A big focus for the third installment was home video and some of the movies that were direct to video. While the first installment covered some of the "video nasties" elements of 1980s horror, there was more of a deep dive into people like Charles Band of Media Home Entertainment, Empire Pictures (Ghoulies), and Full Moon Features (Puppet Master) and quite obscure movies like The Video Dead and Sorority Babes in the Slimeball Bowl-O-Rama. Some very obscure (to American audiences, at least) films were featured as well, like the Canadian film Things, Japan's Guinea Pig: The Devil's Experiment, and Italy's Hell of the Living Dead.
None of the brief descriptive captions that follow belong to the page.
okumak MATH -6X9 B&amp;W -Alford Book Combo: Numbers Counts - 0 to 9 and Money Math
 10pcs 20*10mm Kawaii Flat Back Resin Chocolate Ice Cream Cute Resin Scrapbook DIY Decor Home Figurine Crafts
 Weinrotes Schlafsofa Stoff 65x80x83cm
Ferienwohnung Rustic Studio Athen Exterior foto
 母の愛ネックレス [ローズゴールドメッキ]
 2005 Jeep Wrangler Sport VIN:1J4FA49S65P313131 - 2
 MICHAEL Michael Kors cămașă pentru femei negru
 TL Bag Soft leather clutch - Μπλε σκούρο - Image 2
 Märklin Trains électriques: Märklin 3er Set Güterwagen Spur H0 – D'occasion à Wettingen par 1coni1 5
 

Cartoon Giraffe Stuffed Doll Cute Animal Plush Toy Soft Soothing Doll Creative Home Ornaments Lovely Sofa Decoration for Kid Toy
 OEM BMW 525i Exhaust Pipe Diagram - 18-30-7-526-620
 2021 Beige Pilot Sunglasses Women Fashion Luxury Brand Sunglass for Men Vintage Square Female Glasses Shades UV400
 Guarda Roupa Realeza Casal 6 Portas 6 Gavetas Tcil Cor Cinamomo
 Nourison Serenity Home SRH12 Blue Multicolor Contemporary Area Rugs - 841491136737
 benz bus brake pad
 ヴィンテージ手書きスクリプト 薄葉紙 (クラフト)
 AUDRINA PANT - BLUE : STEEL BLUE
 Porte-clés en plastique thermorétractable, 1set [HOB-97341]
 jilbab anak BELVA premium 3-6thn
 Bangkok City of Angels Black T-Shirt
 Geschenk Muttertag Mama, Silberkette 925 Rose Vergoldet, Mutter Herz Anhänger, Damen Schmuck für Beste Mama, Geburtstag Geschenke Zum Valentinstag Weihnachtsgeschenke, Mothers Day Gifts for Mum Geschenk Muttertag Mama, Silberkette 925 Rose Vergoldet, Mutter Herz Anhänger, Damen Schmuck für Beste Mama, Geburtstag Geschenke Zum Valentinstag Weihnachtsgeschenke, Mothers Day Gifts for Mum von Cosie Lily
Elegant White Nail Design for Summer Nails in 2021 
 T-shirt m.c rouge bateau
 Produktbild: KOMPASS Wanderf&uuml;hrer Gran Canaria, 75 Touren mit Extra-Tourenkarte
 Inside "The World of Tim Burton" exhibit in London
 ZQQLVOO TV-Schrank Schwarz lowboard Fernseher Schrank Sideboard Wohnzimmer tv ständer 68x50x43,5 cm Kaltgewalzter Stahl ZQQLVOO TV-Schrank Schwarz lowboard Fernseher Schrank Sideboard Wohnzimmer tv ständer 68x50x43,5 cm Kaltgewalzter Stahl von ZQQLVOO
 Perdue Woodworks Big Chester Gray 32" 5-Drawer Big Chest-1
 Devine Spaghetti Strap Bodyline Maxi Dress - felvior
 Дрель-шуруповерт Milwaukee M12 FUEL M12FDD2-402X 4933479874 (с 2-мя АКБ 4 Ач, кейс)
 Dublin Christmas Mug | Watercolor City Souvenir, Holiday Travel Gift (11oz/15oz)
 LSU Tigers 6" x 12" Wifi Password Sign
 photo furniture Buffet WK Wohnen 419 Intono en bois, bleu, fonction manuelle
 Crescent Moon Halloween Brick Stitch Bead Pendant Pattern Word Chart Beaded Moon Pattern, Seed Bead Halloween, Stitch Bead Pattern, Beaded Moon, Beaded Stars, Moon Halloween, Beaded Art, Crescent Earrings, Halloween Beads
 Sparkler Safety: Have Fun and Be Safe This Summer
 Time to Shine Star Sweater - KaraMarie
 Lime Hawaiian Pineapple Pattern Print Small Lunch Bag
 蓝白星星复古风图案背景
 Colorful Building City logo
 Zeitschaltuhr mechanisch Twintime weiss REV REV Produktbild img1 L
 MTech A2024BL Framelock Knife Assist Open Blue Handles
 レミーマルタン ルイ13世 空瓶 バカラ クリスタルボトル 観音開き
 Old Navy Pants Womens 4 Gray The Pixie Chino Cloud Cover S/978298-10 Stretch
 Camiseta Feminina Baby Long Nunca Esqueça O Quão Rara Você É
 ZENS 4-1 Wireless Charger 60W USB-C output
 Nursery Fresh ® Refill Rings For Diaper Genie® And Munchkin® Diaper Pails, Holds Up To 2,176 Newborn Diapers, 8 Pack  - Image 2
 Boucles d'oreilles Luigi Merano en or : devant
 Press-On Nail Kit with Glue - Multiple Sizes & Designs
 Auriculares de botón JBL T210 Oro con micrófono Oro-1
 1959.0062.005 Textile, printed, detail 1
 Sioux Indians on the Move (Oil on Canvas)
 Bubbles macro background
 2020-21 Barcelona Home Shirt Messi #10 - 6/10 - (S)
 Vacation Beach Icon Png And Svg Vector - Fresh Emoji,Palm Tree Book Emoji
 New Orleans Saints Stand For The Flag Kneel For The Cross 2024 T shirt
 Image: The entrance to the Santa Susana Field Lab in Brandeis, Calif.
All told, the In Search of Darkness is a masterpiece, a piece of media lovingly created, meticulously detailed, and just pure fun. One hand hand, it is a lens to the past, on the other it can be seen as an elaborate curation of movies to watch. Seek it out if you are a horror fan, horror curious, or simply want to experience an exceptionally well-made documentary.
As for extras that came with the gift...
Not only did the Blue-Ray of In Search of Darkness III arrive, it came with the In Search of Darkness I and II and a nice slipcase for all three Blu-Rays, the three posters were part of the package. I got a sense that when they filmed the panelists for In Search of Darkness II the creators knew they were going to release a third installment. It is a common practice nowadays when film series are being made, so it shouldn't be a surprise, for example, when you see Chris Jericho in the same jacket and seat in both In Search of Darkness II and III.
My wife also said for me to make sure that she’s awake when I watch the end credits.
You see, I acquired the nickname of ManBearPig a few years back and my wife wanted to make sure my name stuck out in the credits so she had them add me as Rob ManBearPig Bedford.